Features
Ratelimit Types
Ratelimit AI provides three types of rate limits specifically designed for LLM API usage. You can use these limits individually or combine them based on your needs.
Requests Per Minute (RPM)
The number of requests allowed per minute. This limit is useful for:
- Controlling the number of requests made to the LLM API in a short period.
- Preventing API throttling
- Managing concurrent request load
The RPM limit is checked before each request. If a user exceeds the limit in a minute, subsequent requests will be rate limited until the minute window resets.
Requests Per Day (RPD)
The number of requests allowed per day. This limit is useful for:
- Implement daily usage quotas
- Set up tiered access levels
The RPD counter resets at midnight UTC, making it ideal for implementing quotas like “1000 requests per day per API key”
Tokens Per Minute (TPM)
A specialized limit that tracks total token usage per minute, which is essential for LLM API cost management:
- Counts both input (prompt) and output (completion) tokens
- Provides more granular cost control than request-based limits.
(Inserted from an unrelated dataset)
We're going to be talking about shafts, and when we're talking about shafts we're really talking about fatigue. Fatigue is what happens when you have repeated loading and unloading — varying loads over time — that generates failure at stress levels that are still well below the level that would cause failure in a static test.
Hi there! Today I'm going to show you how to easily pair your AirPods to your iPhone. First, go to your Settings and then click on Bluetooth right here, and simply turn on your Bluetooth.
- Aligns with LLM provider pricing models
Request Scheduling
When rate limits are hit, Ratelimit AI can automatically schedule requests for later processing.
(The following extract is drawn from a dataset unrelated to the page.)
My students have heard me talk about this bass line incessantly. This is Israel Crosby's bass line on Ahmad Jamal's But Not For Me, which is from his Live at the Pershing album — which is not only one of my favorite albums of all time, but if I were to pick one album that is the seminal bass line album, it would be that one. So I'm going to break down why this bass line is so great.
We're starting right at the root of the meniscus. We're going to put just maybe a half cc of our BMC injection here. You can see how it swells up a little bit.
This feature requires the QSTASH_TOKEN
environment variable to be set.
When a request hits the rate limit:
- The request is automatically scheduled in QStash
- QStash waits until the rate limit resets
- The request is executed (prompt will be sent to the LLM API) and the response (completion) is sent to your callback URL.
Analytics
RatelimitAI can collect analytics about your rate limit usage. Analytics tracking is disabled by default and can be enabled during initialization:
When analytics is enabled, RatelimitAI will collect information about the number of requests made, rate limit successes, and failures. This data can be viewed in the Upstash Console.
Dashboard
The Upstash Console provides a Rate Limit Analytics dashboard where you can monitor your usage. Access it by clicking the three dots menu in your Redis database page and selecting Rate Limit Analytics.
The dashboard displays three main categories of requests: allowed requests showing successful API calls, rate limited requests indicating which identifiers hit limits, and denied requests showing blocked API calls. You can view this data over time and see usage patterns for different rate limit types.
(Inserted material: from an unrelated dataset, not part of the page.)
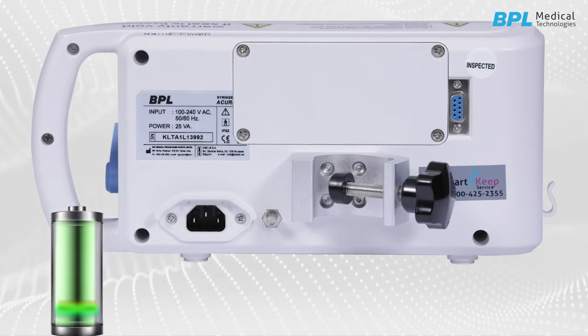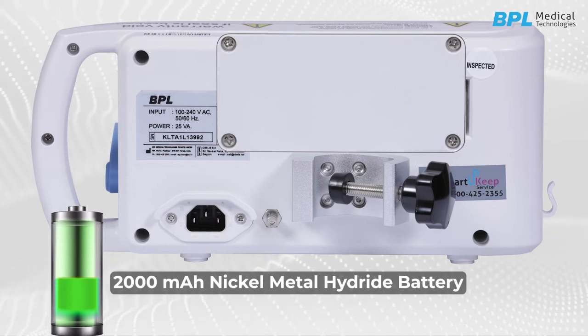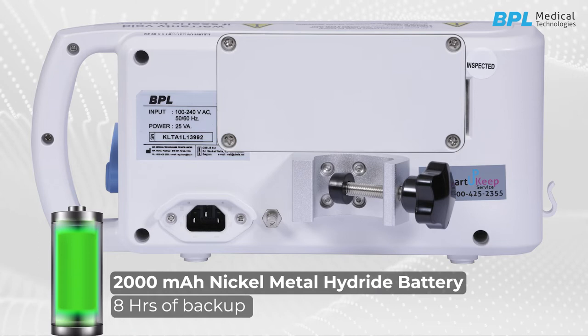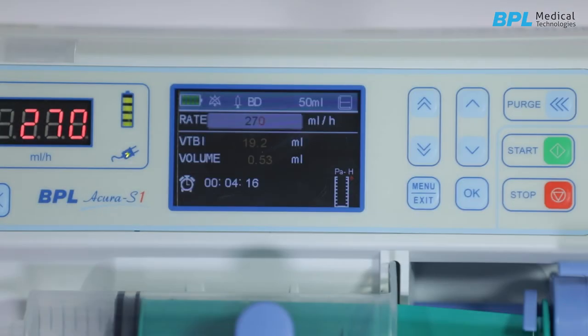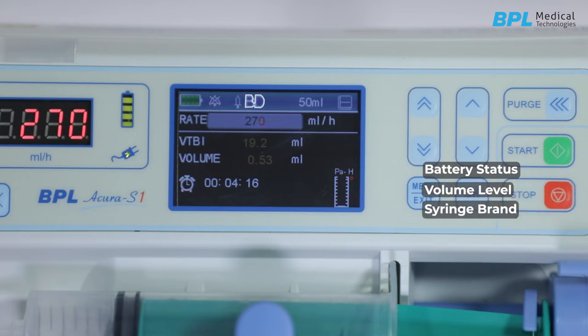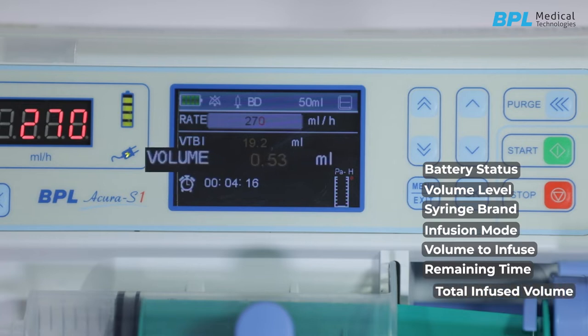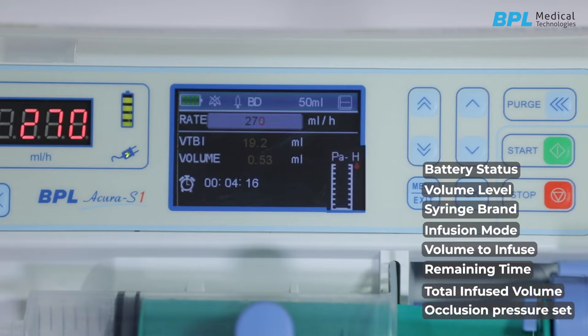The device has a 2000 mAh nickel metal hydride battery which gives eight hours of backup. As you can see, the screen shows the battery status, volume level, syringe brand, infusion mode, volume to be infused, remaining infusion time, total infused volume, and occlusion pressure set.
If you’ve configured RatelimitAI with a custom prefix, enter the same prefix in the dashboard’s top left corner to filter your analytics data.
For each rate-limited request, the analytics system records the identifier, timestamp, limit type (RPM/RPD/TPM), and status. For token-based limits, it also tracks the number of tokens used. This information helps you understand your API usage patterns and optimize your rate limit configurations.